Supplied material -
####

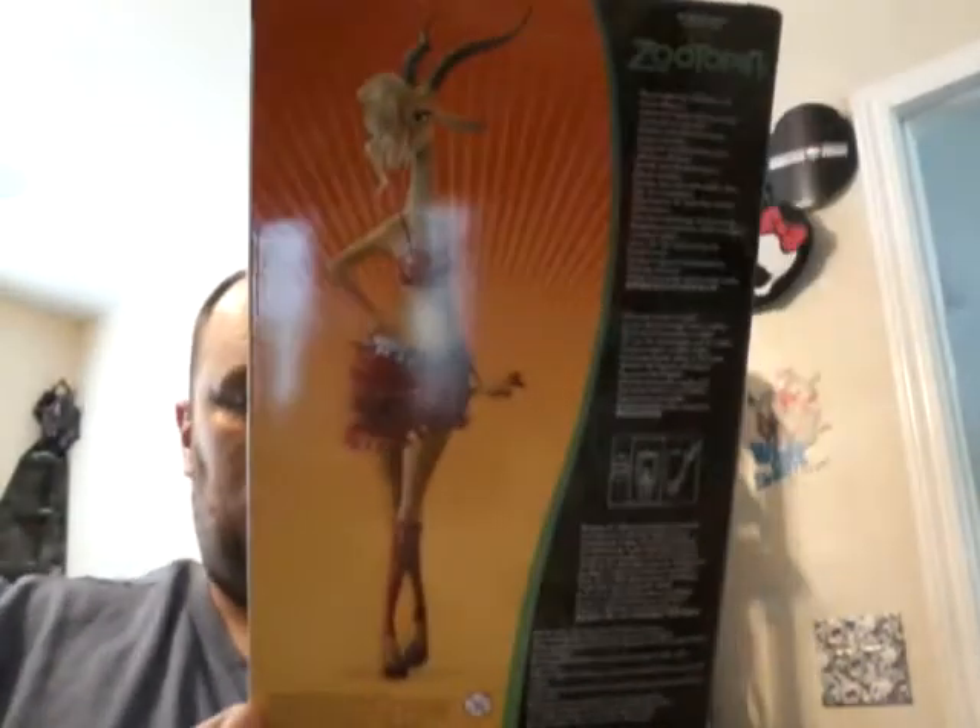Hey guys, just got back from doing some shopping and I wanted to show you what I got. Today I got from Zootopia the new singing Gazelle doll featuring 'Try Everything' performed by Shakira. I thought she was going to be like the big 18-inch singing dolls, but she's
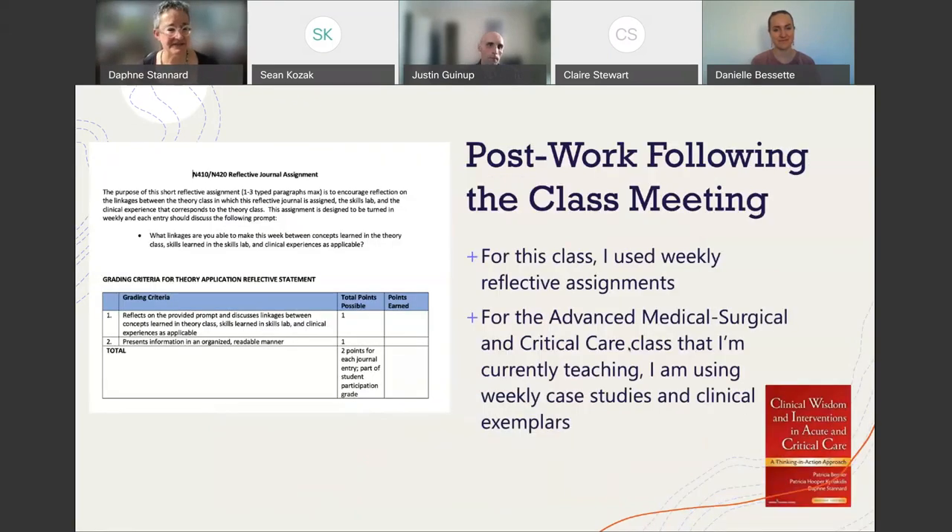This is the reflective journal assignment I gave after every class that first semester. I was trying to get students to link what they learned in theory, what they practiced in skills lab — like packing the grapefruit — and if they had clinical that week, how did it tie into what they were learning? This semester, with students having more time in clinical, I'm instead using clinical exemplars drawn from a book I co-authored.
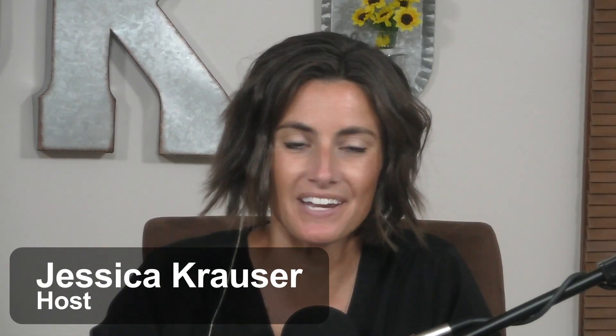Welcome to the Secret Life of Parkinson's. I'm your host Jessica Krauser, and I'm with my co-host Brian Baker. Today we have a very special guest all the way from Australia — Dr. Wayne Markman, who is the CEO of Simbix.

####

Work instructions - What you return must match the data above exactly, with no images included.

Solution to the problem -
Hey guys, just got back from doing some shopping and I wanted to show you what I got. Today I got from Zootopia the new singing Gazelle doll featuring 'Try Everything' performed by Shakira. I thought she was going to be like the big 18-inch singing dolls, but she's
This is the reflective journal assignment I gave after every class that first semester. I was trying to get students to link what they learned in theory, what they practiced in skills lab — like packing the grapefruit — and if they had clinical that week, how did it tie into what they were learning? This semester, with students having more time in clinical, I'm instead using clinical exemplars drawn from a book I co-authored.
Welcome to the Secret Life of Parkinson's. I'm your host Jessica Krauser, and I'm with my co-host Brian Baker. Today we have a very special guest all the way from Australia — Dr. Wayne Markman, who is the CEO of Simbix.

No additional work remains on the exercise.